Source data:
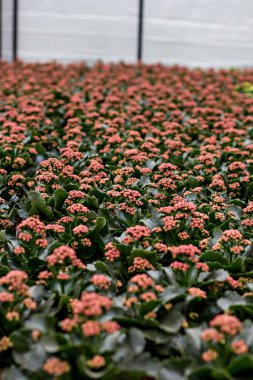 Çiçek tohumları. Çiçekli saksılarla dolu büyük bir sera..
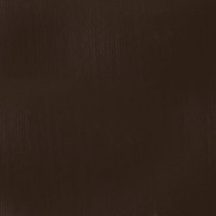   Akril festék Liquitex SB 59ml – 130 Átlátszó égetett umbra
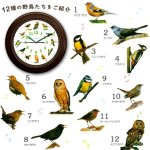 画像8: 臨場感ある12種の野鳥のさえずりで時刻をお知らせ！野鳥の電波時計 (8)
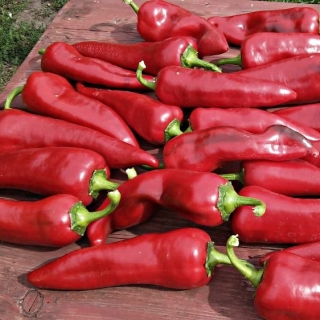 Перец Дольче Итальяно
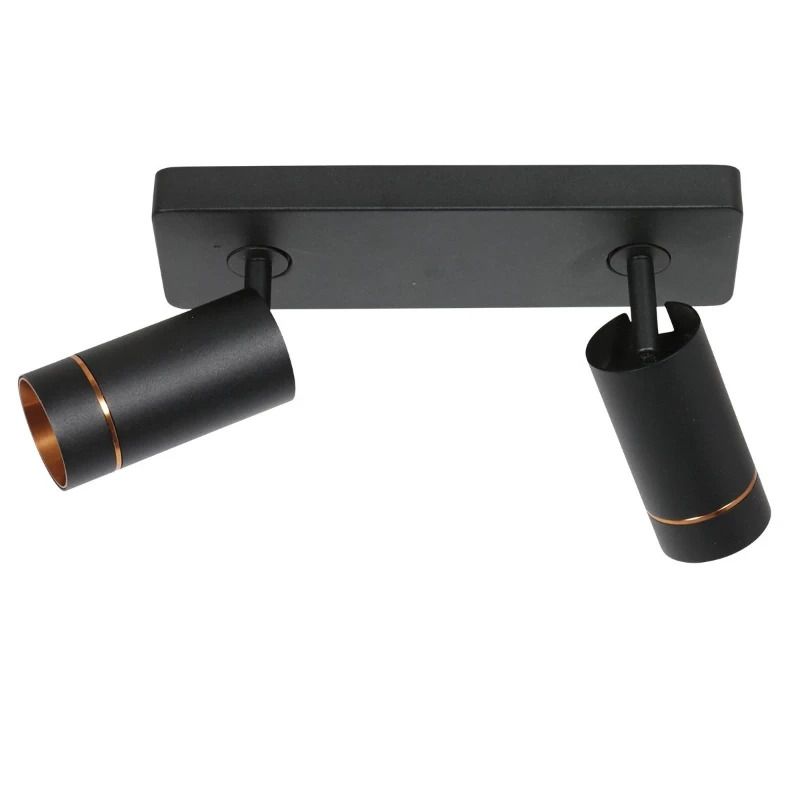 Steinhauer DownLume LED Downlighter | 2x GU10 10W | Dimbaar | Goud/Zwart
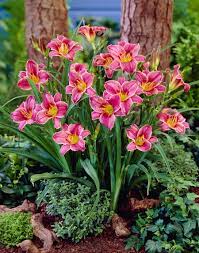 Maybe you would like to learn more about one of these? 2 Count Daylily Little Missy Bulbs L2160 In The Plant Bulbs Department At Lowes Com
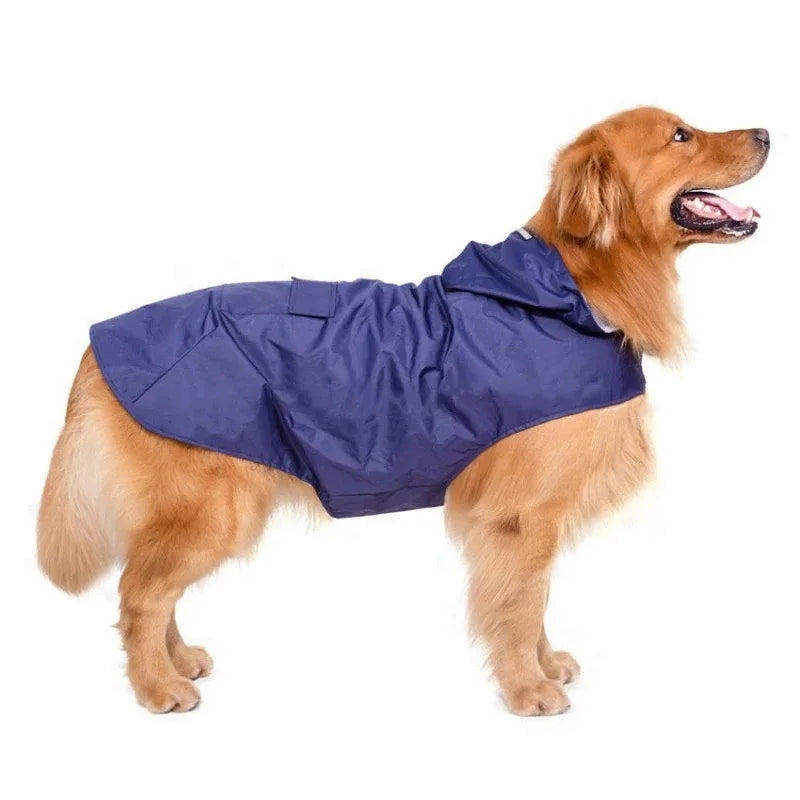 Poncho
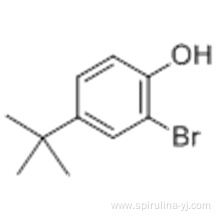 Phenol,2-bromo-4-(1,1-dimethylethyl) CAS 2198-66-5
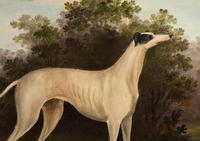 Greyhound in a Landscape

Task instructions –
Could you repeat all of the data exactly, minus the pictures?

Written response –
 Çiçek tohumları. Çiçekli saksılarla dolu büyük bir sera..
   Akril festék Liquitex SB 59ml – 130 Átlátszó égetett umbra
 画像8: 臨場感ある12種の野鳥のさえずりで時刻をお知らせ！野鳥の電波時計 (8)
 Перец Дольче Итальяно
 Steinhauer DownLume LED Downlighter | 2x GU10 10W | Dimbaar | Goud/Zwart
 Maybe you would like to learn more about one of these? 2 Count Daylily Little Missy Bulbs L2160 In The Plant Bulbs Department At Lowes Com
 Poncho
 Phenol,2-bromo-4-(1,1-dimethylethyl) CAS 2198-66-5
 Greyhound in a Landscape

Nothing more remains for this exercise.